From that point on, the conversation was downhill all the way.
But Ben could not bring himself to leave the woman to fend for herself. She would not have survived alone.
“Well, you can come with me. No play on words intended.”
She rolled her eyes and off they went.
At one point in their wanderings about the parish, Fran had waved her hand, as if a scout with a wagon train.
“Head ‘em up and move ‘em out,” Ben had muttered.
She had stayed with Ben until Memphis. There, she had met Hilton Logan, a bachelor, and the two had hit it off. She eventually married the man and became the First Lady—although a lady she was most definitely not.
After the fall of Tri-States, Fran and one of her lovers had been shot to death by Ben’s Zero Squads.
Just at the moment of mutual climax.
The ultimate orgasm.
* * *
“Yes,” Ben brought himself back to the present. “Head ‘em up and move ‘em out.”
“Regrets, partner?”
“I don’t think we can afford regrets, Ike. I think we have to look forward, and not look back for a long time.”
“Well,” Ike stood up and slung his CAR-15. “Let’s get rollin.’ We sure got a ways to go.”
IN SEARCH OF A DREAM…
Wreckers and tow trucks and heavy-duty pickups with PTO winches on the front traveled a full day ahead of the main column, clearing the roads of stalled and abandoned vehicles.

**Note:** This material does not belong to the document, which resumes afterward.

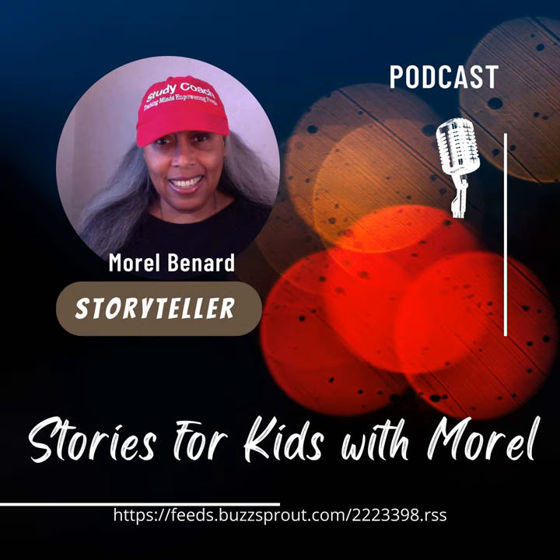Hello! It is Stories for Kids with Morale podcast and Birdie is with me.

The convoy, stretching for miles, left on Interstate 80, picked up Interstate 15, and took that down to south-central Utah. There, they intersected with Interstate 70 and pointed eastward, gently angling south when roads permitted.

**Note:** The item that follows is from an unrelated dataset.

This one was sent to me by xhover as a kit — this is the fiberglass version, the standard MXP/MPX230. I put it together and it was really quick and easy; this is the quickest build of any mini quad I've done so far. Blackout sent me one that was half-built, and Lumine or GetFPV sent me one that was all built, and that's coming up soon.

It was slow going, the convoy lucky to maintain a 40 mph average—often less than that. Ben, almost always traveling alone, usually was miles ahead of the column. Oftentimes playing games with his guards, deliberately outdistancing them, losing them so he could have some time alone.
When Captain Seymour reported this to Ike and Cecil, both men could only shake their heads.

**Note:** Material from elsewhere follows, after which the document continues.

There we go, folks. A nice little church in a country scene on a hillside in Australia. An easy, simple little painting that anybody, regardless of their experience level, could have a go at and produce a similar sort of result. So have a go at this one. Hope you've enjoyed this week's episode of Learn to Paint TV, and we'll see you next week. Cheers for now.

“Rosita’s not with him anymore?” Captain Gray asked.
“No,” Ike told him. “Ben says she’s too young. I’m worried about him, to speak frankly. He’s becoming more withdrawn.”
“Ben always has been somewhat of a loner,” Cecil said. “But the feeling the men and women have about him is disturbing to him—he told me that.”
“Leave him alone,” Jerre settled the discussion. “Ben is doing what Ben wants to do. He’s got a lot on his mind and this is his way of coping with it. Just leave him alone.” And that settled it.
* * *
Crossing over a mountain range, Ben pulled off the interstate and jammed his truck into four-wheel drive, climbing high above the interstate. On a crest, he parked, and squatted alone, watching the column crawling snakelike below.